Pairing: A good, but not great pairing. I thought the oakiness of the wine and the slightly buttery character of the Chardonnay clashed a bit with the fresh green herbs and the bouillon. In his defense, the wine Fitch intended for the pairing was not delivered as scheduled.
Dish: Geoduck Clam marinated with bonito and piccolo basil, with new harvest potatos and potato foam.
Wine: Schloss Shonborn Riesling, "Hattenheim Nussbrunnen" Kabinett 1997.
Pairing: Excellent. The Riesling provided a dose of bracing acidity to what were some rich potatos and an almost mayonnaise like foam. But its clarity also was a perfect mirror for the pure, clean flavors of the clam.
Dish: Porcini mushrooms with baby greens, duck neck and liver jus and a hint of curry.
Wine: Tandem Pinot Noir, Ven Der Kamp vineyard, Sonoma Mountain, 2006.

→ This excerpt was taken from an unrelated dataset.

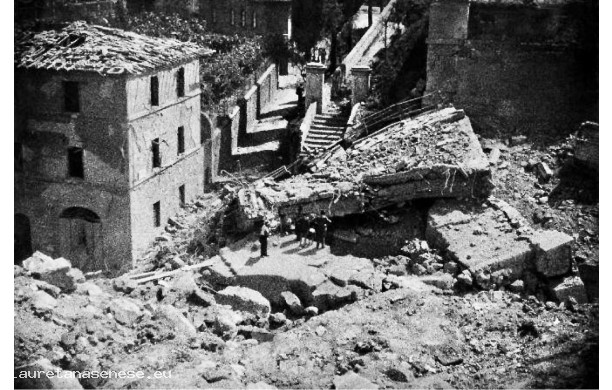 1944, inizio Luglio - Il Ponte di Ravacciano distrutto dai tedeschi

Pairing: Lovely. The Tandem is a sophisticated Sonoma Pinot—restrained in its fruitiness, which made it great with the fresh porcinis. The wine's earthiness and spice played very nicely with the gamy livers and curry.
Dish: Suckling 'Porco Montes,' braised tender onions, artichoes and favas with various cuts of pig.

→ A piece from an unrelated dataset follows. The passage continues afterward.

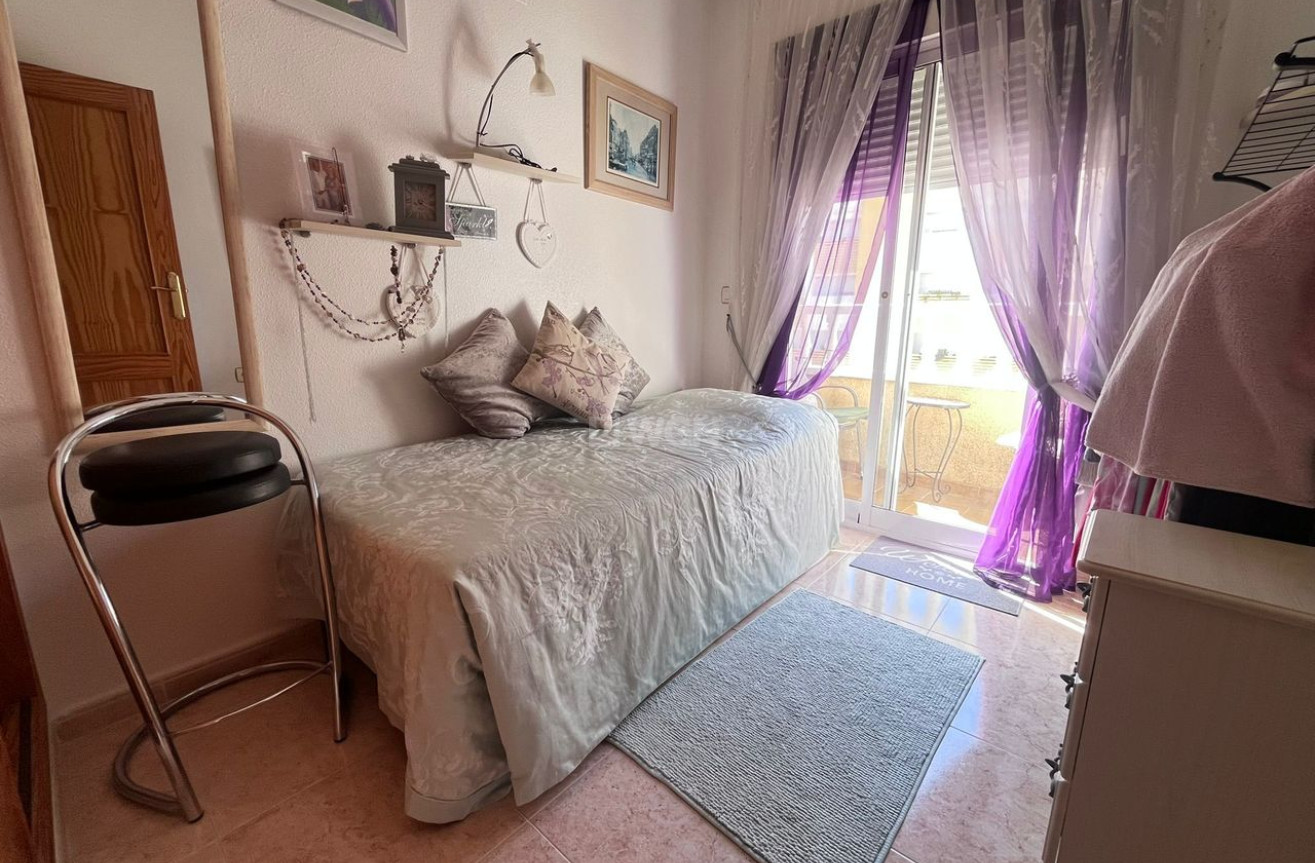 Odsprzedaż - Kamienica - Villamartin - Costa Blanca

Wine: Bernard Burgaud Cote Rotie, Northern Rhone, France 2002.
Pairing: Inspired. 2002 was a famously wet and bad vintage in the Rhone, yet many of the wines from the northern part of the region have turned out to be quite lovely. Kudos to Fitch for knowing this. The light syrah-based wine was graceful and perfectly textured for the pork, and the wine's exotic spice notes went perfectly with the scattered sesame-like seeds and spices Brioza sprinkled over the dish.
Dish: Bittersweet chocolate and flowering thyme croquettes with cocoa nib sabayon and berries.

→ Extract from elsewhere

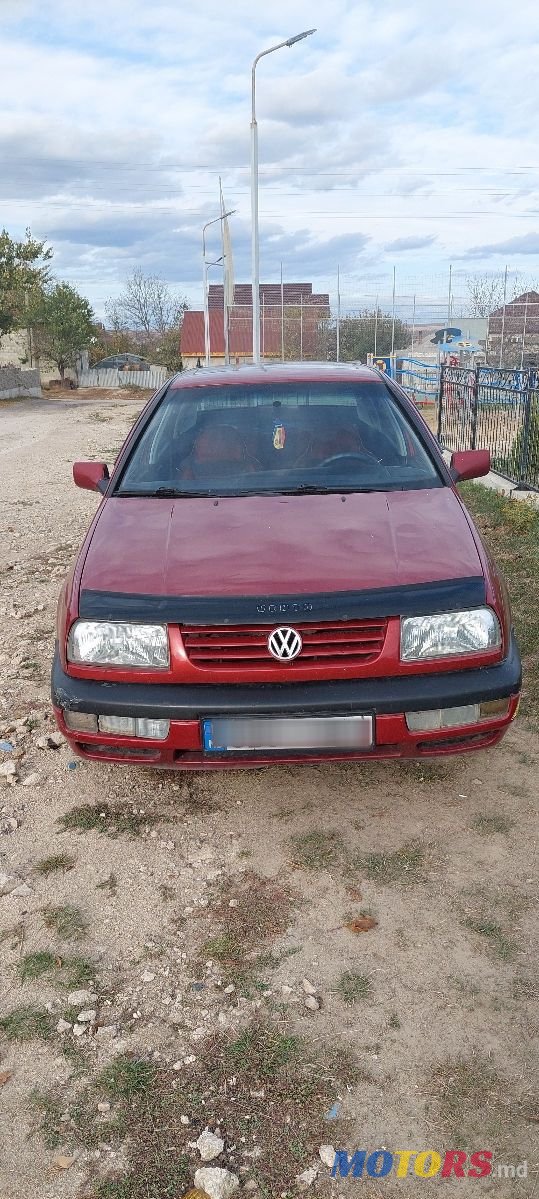 1998' Volkswagen Vento photo #1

Wine: Bodegas Toro Albala Pedro Ximenez, Montillla Moriles, Spain 1979.
Pairing: Delicious. Krasinski's dark chocolate fried wontons went great with the syrupy Spanish dessert wine. But the hints of orange zest, molasses and allspice in the wine made great partners with the berries and thyme.
Overall, Fitch did a great job. I wouldn't hesitate to order the wine pairing menu (this one was $65 to go with the $85 menu) at Coi with him in charge. I'm just looking forward to going back to see what he does with Daniel Patterson's food.